In the first qualifying round, Julien Leclercq recorded a whitewash victory over Ashley Hugill, making a highest of 99, while Robbie McGuigan also whitewashed Mink Nutcharut. Gao Yang made back-to-back century breaks of 111 and 113 in the final two of his 5–2 victory over Steven Hallworth, and Marco Fu made a highest break of 114 as he beat Xu Yichen 5–1. Ken Doherty, the 1997 World Champion, trailed Wang Yuchen 2–4 but made breaks of 134 and 83 as he won three consecutive frames for a 5–4 victory. Gong Chenzhi won the last two frames to defeat the reigning World Women's Champion Bai Yulu 5–4.

In the second qualifying round, Anthony McGill defeated 14-year-old Michał Szubarczyk 5–1, and Robert Milkins defeated Dylan Emery 5–2. Chang Bingyu, who had recently reached his maiden ranking final at the 2025 Scottish Open, made breaks of 78, 105, 76, and 124 as he came from 1–2 behind to secure a 5–3 victory over Stan Moody, who also made two centuries in the match. Luca Brecel, the 2023 World Champion, defeated Liam Davies 5–2, and Fu beat Martin O'Donnell in a .

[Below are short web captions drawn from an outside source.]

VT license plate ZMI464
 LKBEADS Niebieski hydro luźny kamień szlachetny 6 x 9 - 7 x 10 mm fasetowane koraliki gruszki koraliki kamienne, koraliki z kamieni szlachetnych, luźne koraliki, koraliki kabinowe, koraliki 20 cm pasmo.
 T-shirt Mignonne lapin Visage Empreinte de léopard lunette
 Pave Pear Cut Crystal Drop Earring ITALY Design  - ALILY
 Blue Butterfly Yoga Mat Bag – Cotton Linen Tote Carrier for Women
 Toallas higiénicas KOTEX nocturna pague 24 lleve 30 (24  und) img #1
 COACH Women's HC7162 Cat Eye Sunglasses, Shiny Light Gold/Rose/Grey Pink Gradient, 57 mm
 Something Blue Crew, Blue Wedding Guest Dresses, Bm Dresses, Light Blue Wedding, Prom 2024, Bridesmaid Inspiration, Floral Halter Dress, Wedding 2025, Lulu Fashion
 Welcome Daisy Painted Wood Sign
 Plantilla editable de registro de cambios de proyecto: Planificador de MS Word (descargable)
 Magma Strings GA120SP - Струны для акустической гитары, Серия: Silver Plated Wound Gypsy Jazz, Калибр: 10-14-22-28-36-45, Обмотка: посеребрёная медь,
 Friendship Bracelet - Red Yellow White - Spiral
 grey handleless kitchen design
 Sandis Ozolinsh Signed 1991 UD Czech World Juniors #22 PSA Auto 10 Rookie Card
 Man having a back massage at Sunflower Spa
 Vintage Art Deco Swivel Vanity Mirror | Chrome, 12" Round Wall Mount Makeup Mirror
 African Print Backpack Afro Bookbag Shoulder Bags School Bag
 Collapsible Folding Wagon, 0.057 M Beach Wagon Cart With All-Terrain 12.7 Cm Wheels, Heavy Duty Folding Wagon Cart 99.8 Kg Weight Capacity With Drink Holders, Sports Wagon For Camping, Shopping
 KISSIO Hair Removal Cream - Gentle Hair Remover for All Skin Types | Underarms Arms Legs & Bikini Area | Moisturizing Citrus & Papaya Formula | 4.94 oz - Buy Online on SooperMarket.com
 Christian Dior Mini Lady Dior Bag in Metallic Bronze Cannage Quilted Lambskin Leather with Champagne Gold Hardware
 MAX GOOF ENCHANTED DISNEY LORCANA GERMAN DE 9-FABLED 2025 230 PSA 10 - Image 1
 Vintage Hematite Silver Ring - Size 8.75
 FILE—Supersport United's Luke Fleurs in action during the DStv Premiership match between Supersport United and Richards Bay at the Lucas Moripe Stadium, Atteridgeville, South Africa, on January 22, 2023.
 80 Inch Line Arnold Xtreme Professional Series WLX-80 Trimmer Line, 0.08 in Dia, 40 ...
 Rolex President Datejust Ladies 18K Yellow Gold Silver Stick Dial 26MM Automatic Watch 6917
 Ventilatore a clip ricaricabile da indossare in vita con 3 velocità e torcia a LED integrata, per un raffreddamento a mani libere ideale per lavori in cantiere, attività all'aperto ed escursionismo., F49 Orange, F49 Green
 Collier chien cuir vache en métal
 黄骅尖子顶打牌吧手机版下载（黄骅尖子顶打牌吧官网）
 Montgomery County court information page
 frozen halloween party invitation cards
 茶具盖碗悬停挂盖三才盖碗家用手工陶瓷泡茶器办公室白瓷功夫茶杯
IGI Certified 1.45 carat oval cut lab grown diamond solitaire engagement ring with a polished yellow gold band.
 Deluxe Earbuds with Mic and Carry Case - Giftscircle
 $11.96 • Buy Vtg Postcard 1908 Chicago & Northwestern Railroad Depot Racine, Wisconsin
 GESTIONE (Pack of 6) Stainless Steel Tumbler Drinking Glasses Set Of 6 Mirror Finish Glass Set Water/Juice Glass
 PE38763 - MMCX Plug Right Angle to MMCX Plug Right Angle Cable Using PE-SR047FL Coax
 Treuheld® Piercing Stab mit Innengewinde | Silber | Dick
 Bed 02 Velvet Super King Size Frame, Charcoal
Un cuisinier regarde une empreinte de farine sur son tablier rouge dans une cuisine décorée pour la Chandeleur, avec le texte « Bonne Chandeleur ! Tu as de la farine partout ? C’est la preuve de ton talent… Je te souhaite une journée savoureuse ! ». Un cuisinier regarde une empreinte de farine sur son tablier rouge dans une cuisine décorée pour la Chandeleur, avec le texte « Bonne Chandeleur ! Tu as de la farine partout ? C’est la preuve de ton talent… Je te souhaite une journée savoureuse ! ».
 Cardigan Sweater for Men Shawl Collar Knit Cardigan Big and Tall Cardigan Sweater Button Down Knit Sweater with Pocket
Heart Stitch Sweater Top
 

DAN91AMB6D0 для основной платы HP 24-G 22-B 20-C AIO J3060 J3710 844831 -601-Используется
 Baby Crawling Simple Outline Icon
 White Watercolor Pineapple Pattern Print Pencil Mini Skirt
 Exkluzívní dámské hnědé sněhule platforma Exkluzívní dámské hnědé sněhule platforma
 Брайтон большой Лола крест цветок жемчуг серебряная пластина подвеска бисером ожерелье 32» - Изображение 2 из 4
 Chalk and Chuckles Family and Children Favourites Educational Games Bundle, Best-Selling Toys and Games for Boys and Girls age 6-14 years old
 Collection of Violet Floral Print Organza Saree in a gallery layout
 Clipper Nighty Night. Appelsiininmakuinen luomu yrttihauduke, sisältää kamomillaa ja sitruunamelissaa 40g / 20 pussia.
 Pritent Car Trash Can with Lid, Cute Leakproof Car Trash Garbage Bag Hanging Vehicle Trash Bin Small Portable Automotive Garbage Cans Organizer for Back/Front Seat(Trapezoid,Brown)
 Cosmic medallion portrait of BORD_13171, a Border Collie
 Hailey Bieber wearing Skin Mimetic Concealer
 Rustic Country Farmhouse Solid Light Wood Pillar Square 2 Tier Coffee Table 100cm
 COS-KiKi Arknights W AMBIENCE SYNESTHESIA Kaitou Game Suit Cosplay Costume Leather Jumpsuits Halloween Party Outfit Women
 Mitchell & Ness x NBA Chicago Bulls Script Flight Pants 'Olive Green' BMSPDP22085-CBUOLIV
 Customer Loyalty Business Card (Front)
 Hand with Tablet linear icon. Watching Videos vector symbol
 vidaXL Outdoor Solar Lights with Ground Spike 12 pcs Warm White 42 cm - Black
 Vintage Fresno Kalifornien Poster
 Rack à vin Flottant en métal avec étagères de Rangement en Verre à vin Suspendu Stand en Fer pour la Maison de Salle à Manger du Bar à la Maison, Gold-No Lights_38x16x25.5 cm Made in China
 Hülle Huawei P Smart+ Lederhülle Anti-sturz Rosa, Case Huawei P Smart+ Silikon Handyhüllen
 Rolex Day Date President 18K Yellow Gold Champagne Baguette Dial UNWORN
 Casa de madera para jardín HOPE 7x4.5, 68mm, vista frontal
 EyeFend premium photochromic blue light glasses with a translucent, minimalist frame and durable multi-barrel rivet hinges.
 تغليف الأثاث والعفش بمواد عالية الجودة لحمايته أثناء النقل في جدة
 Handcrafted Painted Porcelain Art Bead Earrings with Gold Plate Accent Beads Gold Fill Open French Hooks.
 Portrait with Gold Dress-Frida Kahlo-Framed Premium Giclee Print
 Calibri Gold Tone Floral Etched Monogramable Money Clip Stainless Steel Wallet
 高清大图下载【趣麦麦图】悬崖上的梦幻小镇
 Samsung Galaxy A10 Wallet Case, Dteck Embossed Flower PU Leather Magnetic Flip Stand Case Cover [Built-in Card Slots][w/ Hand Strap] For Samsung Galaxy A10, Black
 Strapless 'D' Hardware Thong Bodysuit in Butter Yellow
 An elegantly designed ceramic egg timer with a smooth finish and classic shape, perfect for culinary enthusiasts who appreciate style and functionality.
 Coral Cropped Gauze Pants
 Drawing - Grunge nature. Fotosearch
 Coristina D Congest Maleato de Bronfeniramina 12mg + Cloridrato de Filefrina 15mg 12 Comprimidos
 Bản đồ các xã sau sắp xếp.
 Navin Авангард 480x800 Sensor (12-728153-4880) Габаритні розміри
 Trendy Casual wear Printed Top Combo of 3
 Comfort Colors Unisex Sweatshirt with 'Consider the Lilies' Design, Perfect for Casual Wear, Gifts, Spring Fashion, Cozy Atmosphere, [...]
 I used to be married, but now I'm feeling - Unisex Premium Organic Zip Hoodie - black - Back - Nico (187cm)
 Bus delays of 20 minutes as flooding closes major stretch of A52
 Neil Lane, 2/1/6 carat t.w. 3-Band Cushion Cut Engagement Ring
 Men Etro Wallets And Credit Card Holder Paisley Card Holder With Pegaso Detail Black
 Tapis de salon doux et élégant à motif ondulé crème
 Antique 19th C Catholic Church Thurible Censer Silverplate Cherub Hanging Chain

In the third qualifying round, two-time champion Ali Carter made breaks of 104 and 71 as he beat Ricky Walden 5–2. David Gilbert produced breaks of 107 and 61 in the last two frames to defeat Brecel 5–4, while Jack Lisowski made a highest break of 96 as he beat Lan Yuhao 5–1. Stuart Bingham made a century of 124 as he whitewashed Doherty, while Elliot Slessor made a highest break of 104 as he whitewashed Liam Highfield. Leclercq advanced with a 5–3 victory over Yuan Sijun, and Gao also advanced after beating Stephen Maguire in a deciding frame. Fu failed to reach the main stage, losing 2–5 to Jak Jones.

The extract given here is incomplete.